No plano simbólico, sempre pesou sobre o preto uma forte carga negativa: associado ao caos e às trevas — que as narrativas cosmogónicas e a bíblica imortalizaram —, foi difícil emergir do preto um significado que superasse essa conotação. Imensas expressões do quotidiano ainda lembram esse pendor negativo e constituem uma gramática peculiar de uma das mais poderosas cores da cultura ocidental: fazer humor negro; ser a ovelha negra, praticar mercado negro, fazer magia negra, figurar na lista negra ou então ter comércio com o príncipe das trevas (o Diabo), sem esquecer verbos como denegrir (cujo radical é o termo negro). Mais poderosa ainda talvez seja a ligação entre o preto e a morte, que o período de nojo, na cultura cristã, tão claramente ilustra, bem como a expressão popular de chegar a “hora negra” (como sendo a hora da morte — tão presente na poesia clássica latina) também evoca. 
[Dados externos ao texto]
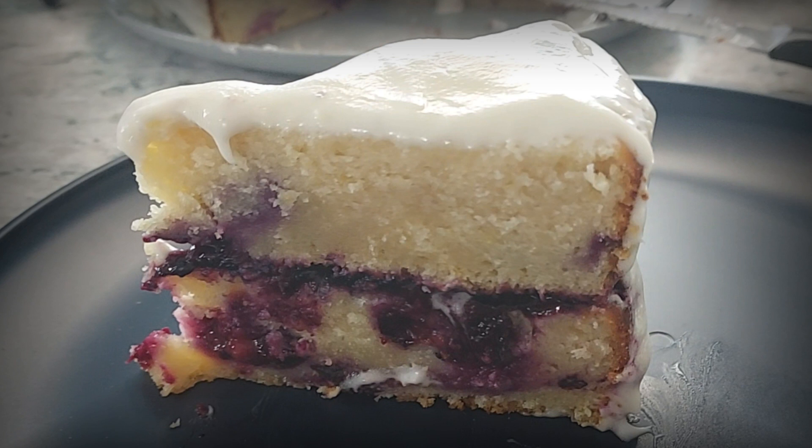Today I'm going to show you how to make this lemon blueberry cake with cream cheese frosting. So keep watching.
Em muitos outros quadrantes da cultura ocidental a oposição entre branco e preto é abundante. Por exemplo, em áreas que a antropologia explora, o corvo — preto — animal inteligente, ligado à adivinhação, aos presságios e às superstições (na etnografia regional, dois ou mais corvos que crocitem quando atravessam um povoado é sinal de morte iminente de alguém). Ao invés disso, a pomba — branco — sinal de pureza, de glória e símbolo de vida espiritual.     Curioso observar que o jogo de xadrez desenvolveu-se a partir da oposição entre o branco e o preto, para marcar claramente a oposição entre os dois jogadores enquanto adversários.
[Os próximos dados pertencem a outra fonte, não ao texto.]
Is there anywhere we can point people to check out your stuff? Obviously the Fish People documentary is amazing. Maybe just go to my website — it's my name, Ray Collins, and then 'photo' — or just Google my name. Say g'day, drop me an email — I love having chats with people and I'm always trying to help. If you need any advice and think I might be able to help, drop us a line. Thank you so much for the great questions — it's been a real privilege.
No plano estético, a cor preta motivou várias interpretações, deu origem a estudos entusiasmados, mas também a repulsas preconceituosas e a paixões desenfreadas. Para Leonardo da Vinci o preto não era uma cor. Ticiano, mas sobretudo Rembrandt, dedicou-lhe uma atenção fundamental (ao ponto de  explorar toda uma gama de tonalidades de preto), de modo que há críticos que falam mesmo no preto luminoso de alguns quadros seus. (Embora não se possa dissociar a admiração de Rembrandt pela cromofilia do preto, cultivada pelo protestantismo e pela Reforma.) Renoir foi mais longe ao afirmar que o preto era a rainha das cores. Gauguin conseguiu obter pretos com misturas inéditas de pigmentos. 
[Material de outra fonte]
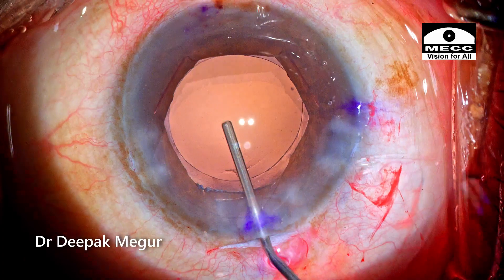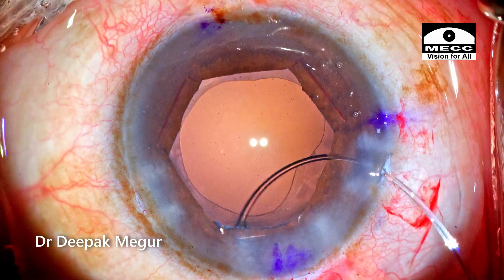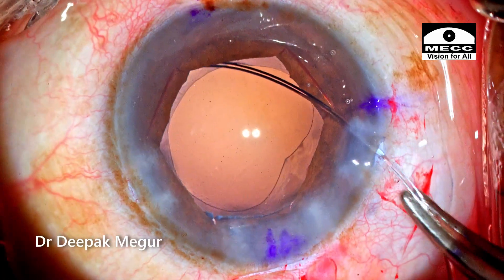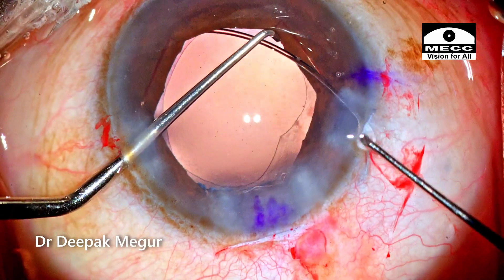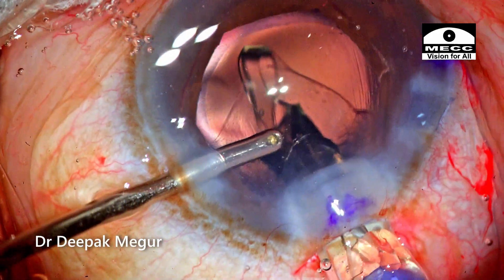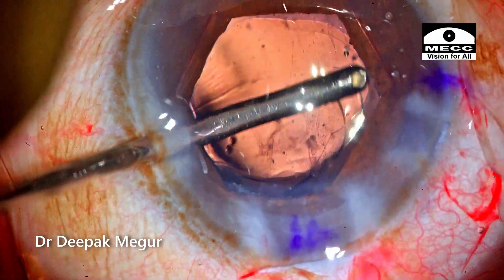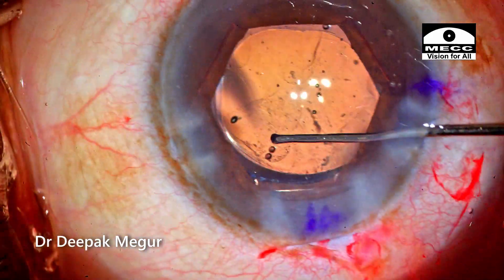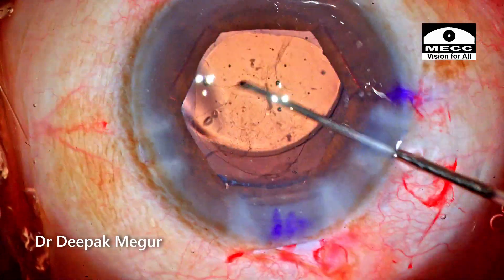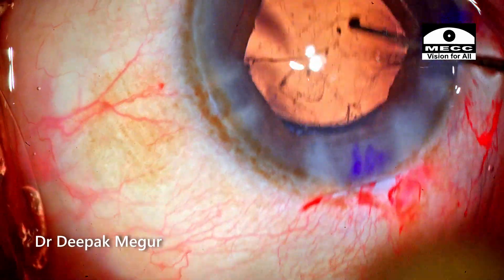In this case I've decided to use a capsule tension ring because the patient had pseudoexfoliation, and I believe it ensures better centration of the lens within the bag. The intraocular lens is then implanted into the bag. Before removing the OVD, I'm mobilizing the toric IOL approximately 30 degrees away from the intended axis.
Ora, no meu ponto de vista, os quadros de António Romão herdam, no sentido genético do termo, traços esquemáticos que a cultura europeia espalhou ao longo dos tempos: o desenho a tinta preta é a sua marca predilecta — a sua marca de água. Como se o preto fosse o contorno da sombra daquela tradição sob a qual os seus traços hesitantes reconstituem, em síntese, o mundo das figuras que desenha, seja Dostoiévki ou Artaud, seja Elvin Jones ou Duke Ellington. De modo que ao olharmos os seus quadros, dependurados contra o branco da galeria, é como se desfilasse à nossa frente uma série de partículas que atravessaram séculos e brilham — e ofuscam — de negro brilhante a história dos nossos antepassados.